# Sony RAW Option?



## Sorikan (May 18, 2010)

I currently have a Sony DSC-H9, and I would like to be able to save pictures as RAW instead of JPG. I have been through the menu, and I cannot seem to find this option. 

If this model cannot save RAW images, does anyone know what the cheapest brand name 8+ mega pixel camera is that does save RAW images?

Thanks!


----------



## Garbz (May 19, 2010)

Digital SLRs can. 99.9% of consumer point and shoot cameras, even most of the much larger ones like the DSC-H9 do not have the option although quite a few Canon cameras can be hacked with the CHDK firmware to enable RAW output.


----------



## Dao (May 19, 2010)

I know the Canon G series such as the G11 or the Canon S90 can output RAW.


----------



## Garbz (May 20, 2010)

Yeah. G9, G10, and G11. The G5 and G7 require firmware hacks. Earlier models (not that you want to buy an ancient old camera didn't have this feature.


----------



## Sorikan (May 20, 2010)

Thank you for all the info!

I asked as I am trying to determine which camera can give me the best RAW image that can then be zoomed in for license plate and facial recognition.

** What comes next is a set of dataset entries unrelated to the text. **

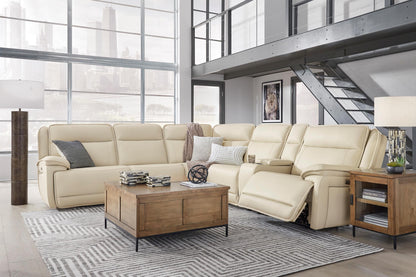 Double Deal 6-Piece Leather Power Reclining Sectional with Console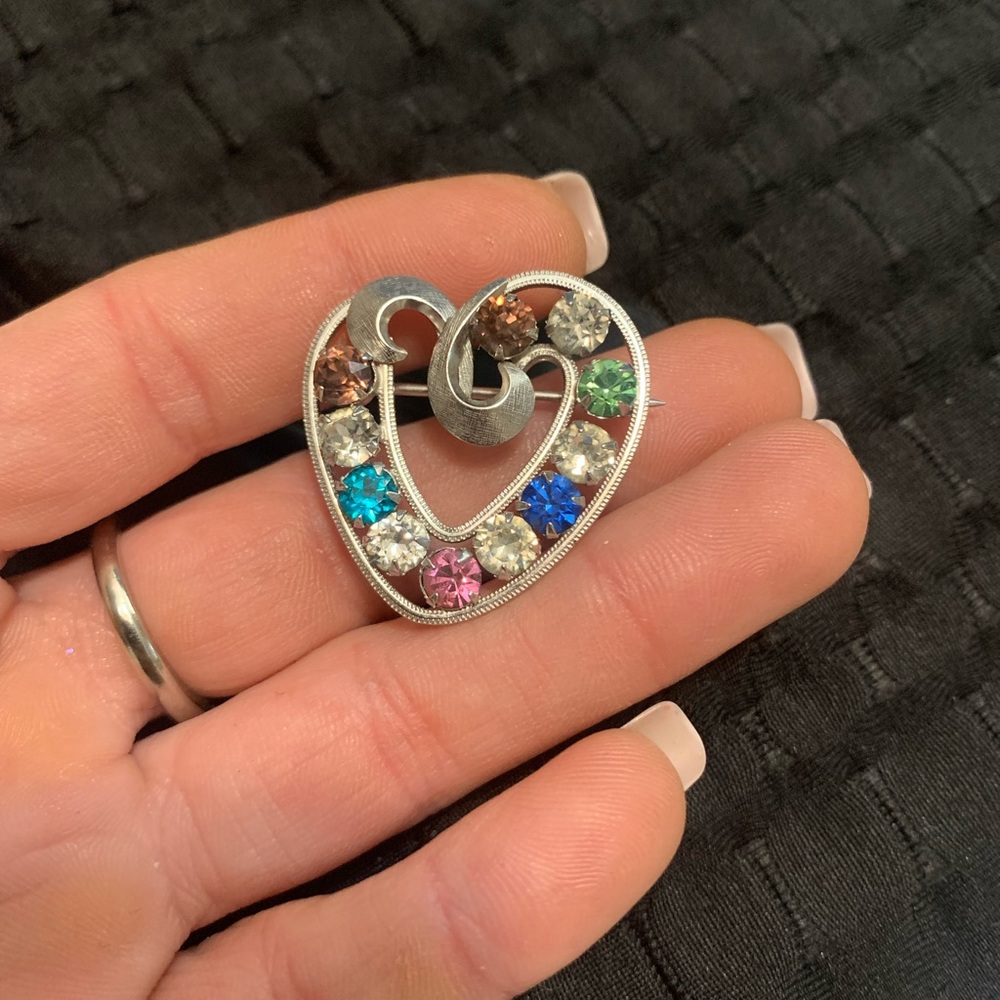Sterling heart birthstone brooch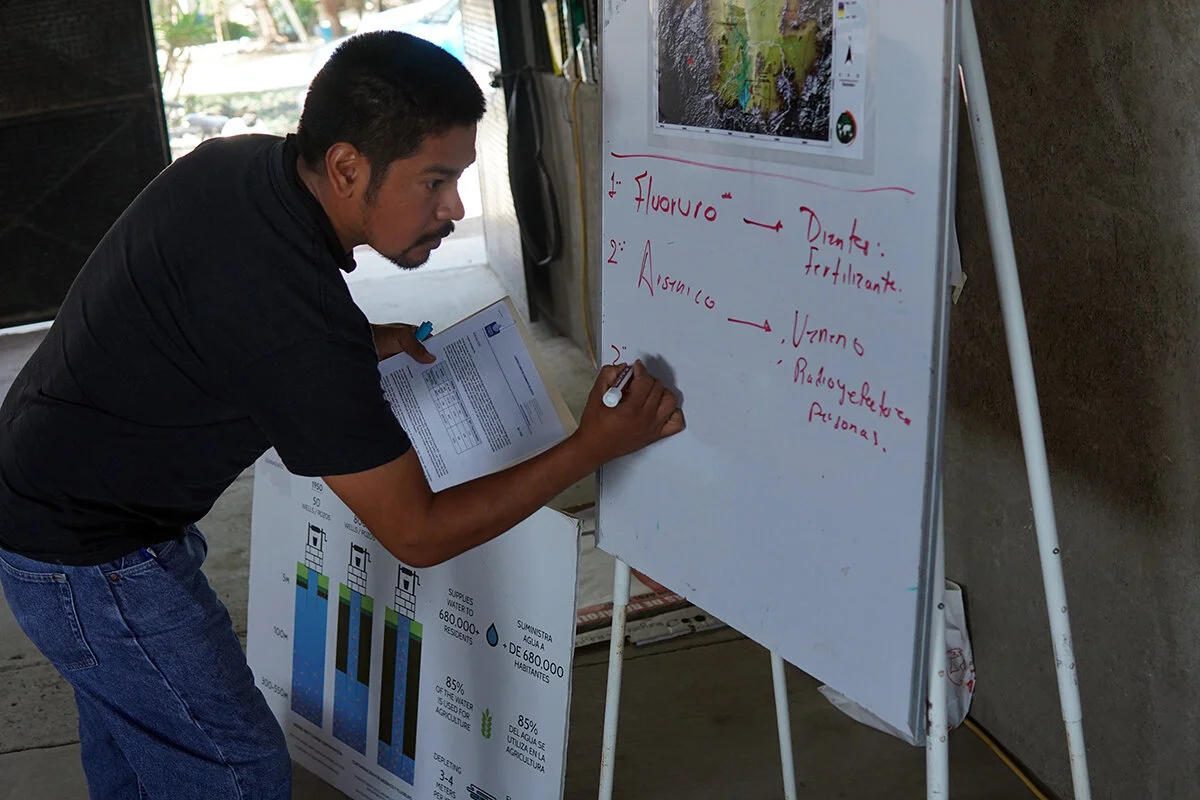 Foto: Saúl Juárez, Coordinador de Proyectos Comunitarios en Caminos de Agua haciendo una demotración y explicando la importancia del uso del agua de lluvia.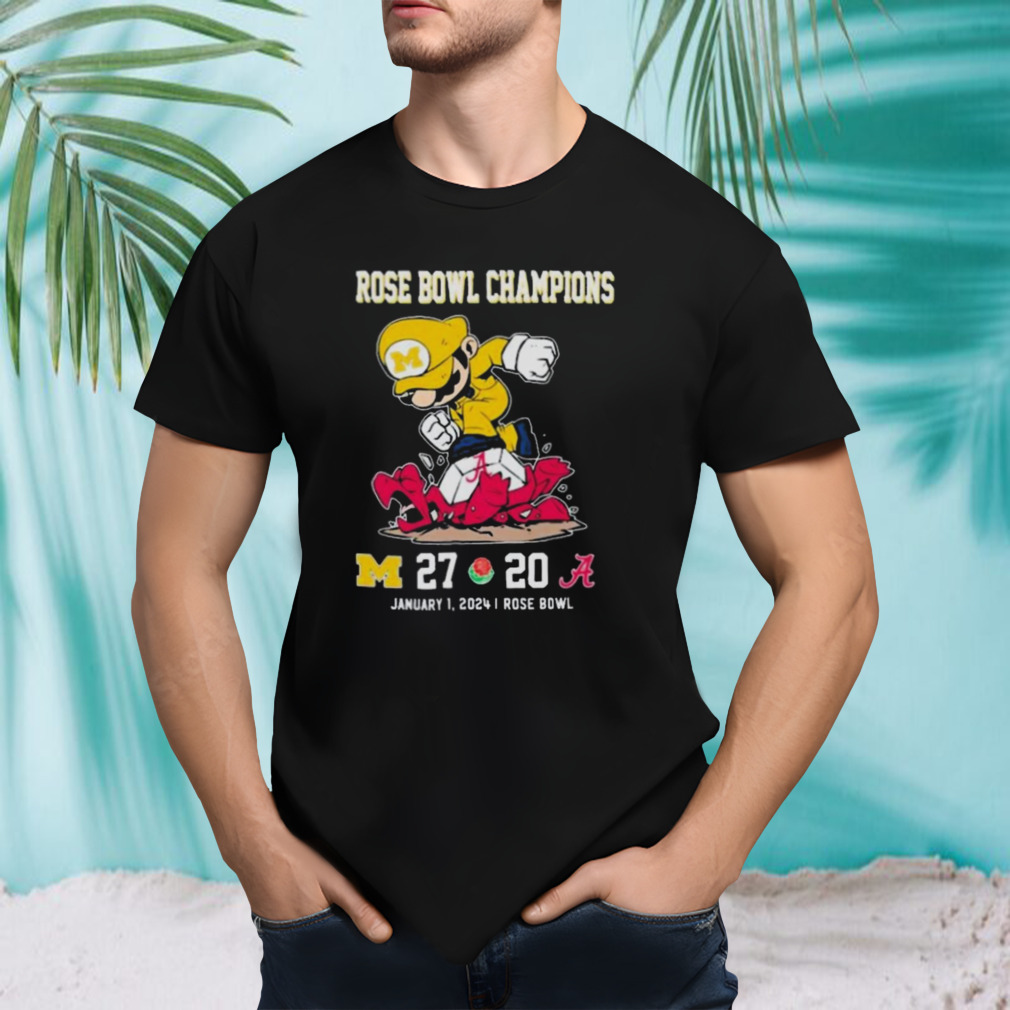 Super Mario Michigan Wolverines Stomp On Alabama Crimson Tide Rose Bowl Champions T-shirt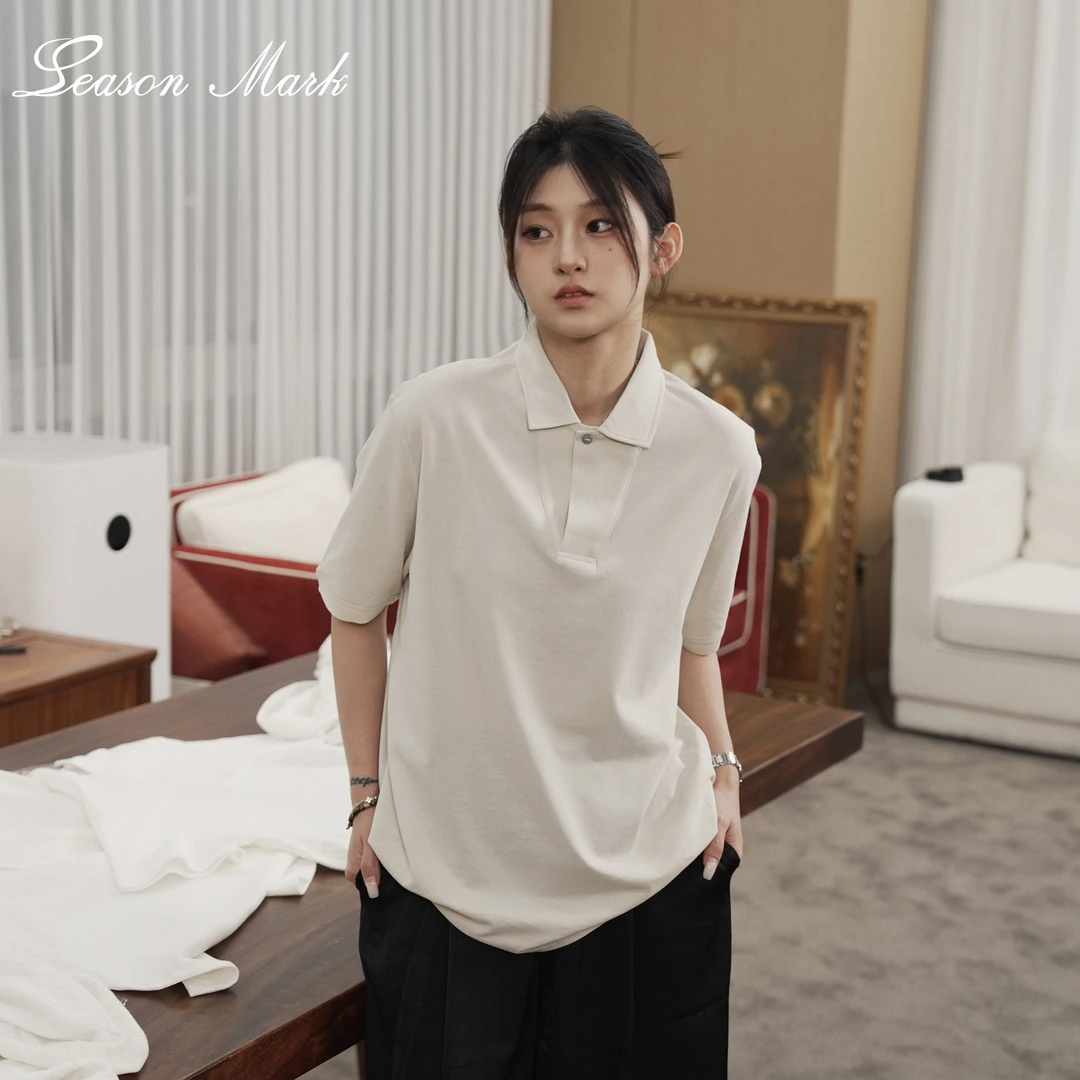 SEASONMARKcleanfit新款老钱风浅灰POLO短袖商务休闲男女同款短袖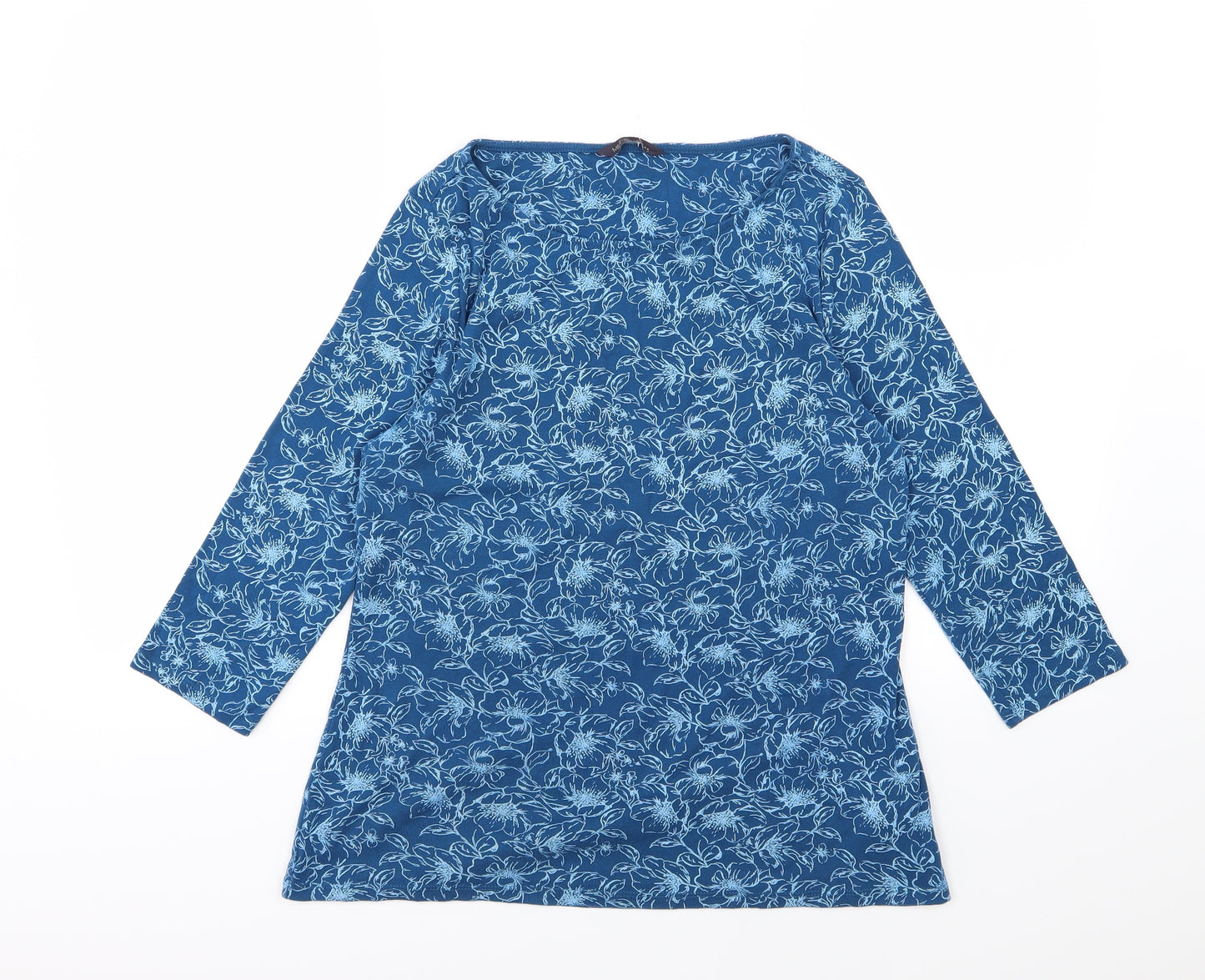 Marks and Spencer Womens Blue Floral Jersey Basic T-Shirt Size 16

So far, I have been surprised how much closer you have to be for facial recognition versus license plate recognition!

If anyone could post or link to a RAW image I would like to actually see one to determine how far it is possible to zoom into one and still be able to tell what it is you are looking at!

Thanks again!


----------



## Garbz (May 21, 2010)

...

A RAW image is does not provide any additional resolution. The ability to zoom in on a JPEG image with sharpening set to low should compare to a RAW quite well.


----------